On how to balance spending, David Williams, chief strategist and co-founder of 360i said, "Use both in a carefully managed campaign to complement one-another. A typical strategy is to maximize free listings through SEO first, then augment and round off with PPC placements." However, he added, PPC helps in the early stages of SEO for must-have keywords while SEO is in progress.
Content optimization for organic results and pay-per-click advertising provide complementary benefits, the panelists agreed. Jarboe described a study at SEO-PR that revealed click-through rates tripled for a site positioned in top spots for both natural and paid listings.
"SEO can be the lowest cost form of traffic, while PPC is an excellent tool to round off natural SEO voids," said Dave Williams. "Natural SEO positions can generate similar or greater traffic (and conversion) as PPC, while PPC helps to maximize share of voice and search impact."
Establishing consistent lead flow with multiple channels, said Wetzler. Free (organic) is best but traffic will fluctuate. Paid traffic is more reliable, and though costly, PPC allows more rapid maneuverability than organic listings.
Paid inclusion is a middle ground: though there's no guarantee of position, you can use it use it to reduce traffic costs on competitive keywords. Focus on conversion; track cost per lead, cost per visitor, and factor in cost per customer acquisition and their lifetime value to find out how to balance your tactics.
Organic SEO requires less ongoing maintenance, according Stacy Williams, and is less costly over time. Optimizing content provides some control over listing content via tags and page text. More importantly organic listings provide high levels of credibility and broad coverage on potentially every search engine worldwide.
Pay-per-click, she continued, can be implemented quickly, and turned on and off as promotions require. Better still, PPC provides tighter control over where listings appear and what they say, making it easy to test search terms, products offer and ad wording.
Williams cautioned that organic SEO requires changes to sites and patience while results build slowly, with no guarantee of what the results will be. Pay-per-click, on the other hand, is ignored by some searchers, and requires monitoring and adjusting constantly, while visibility is limited to pay-per-click engines and their partners.

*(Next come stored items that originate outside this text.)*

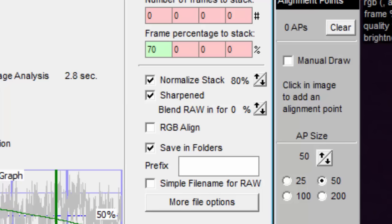The reason your colors need to be aligned is because the atmosphere bends different colors different amounts. Without color alignment, you'll end up with a blue tinge on one side of the planet and an orange tinge on the other.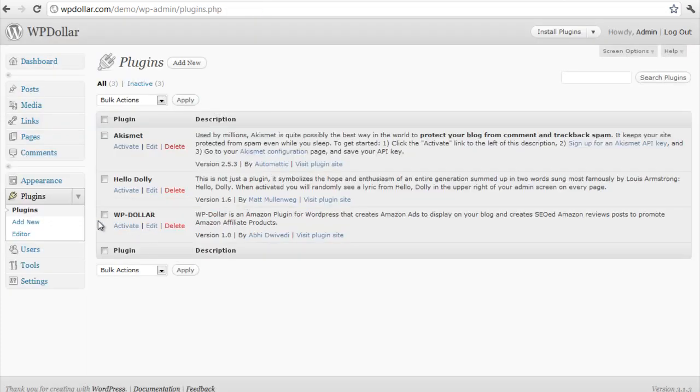Here it is. The WP Dollar plugin has been installed. And I am going to click on activate to activate it.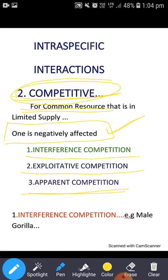If we talk about interference competition — when an individual directly alters the resource-attaining behavior of another individual or individuals, such interactions are known as interference interactions, or we can say this is interference competition.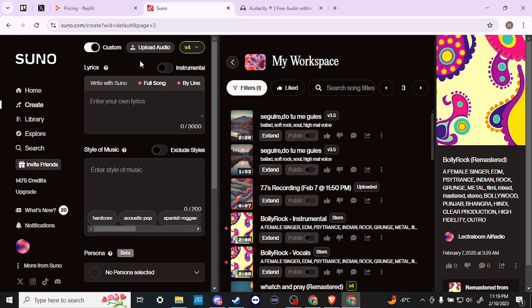That's all there is to uploading your own audio to Suno. If you found this video helpful, please leave a comment, like, and subscribe for more helpful tips.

Daily cost increases in many cases have doubled in a year, according to Dave Williams. These price increases are the principal risk of relying strictly on a PPC strategy. Bidding wars for competitive terms and costs that add up over time can make paid listings expensive, added Stacy Williams (who is, incidentally, not related to Dave).
Use PPC to target keywords with no competition. "It's dirt cheap," said Stacy Williams. "Try it for a month and see."
"Search engines are often used for navigation," added moderator Danny Sullivan. "Name recognition is useful."
"Different people respond to different kinds search results," said Jarboe, quoting Ziff-David on special interest users who read ads as carefully as editorial.
Forecasting the effect of Yahoo's acquisition of Inktomi late last year, panelists advised to focus on Inktomi now to prepare for a "wholesale switch from Google" at Yahoo.
Anne Kennedy is managing partner of search engine marketing firm Beyond Ink and publisher of industry digest SEONews.net.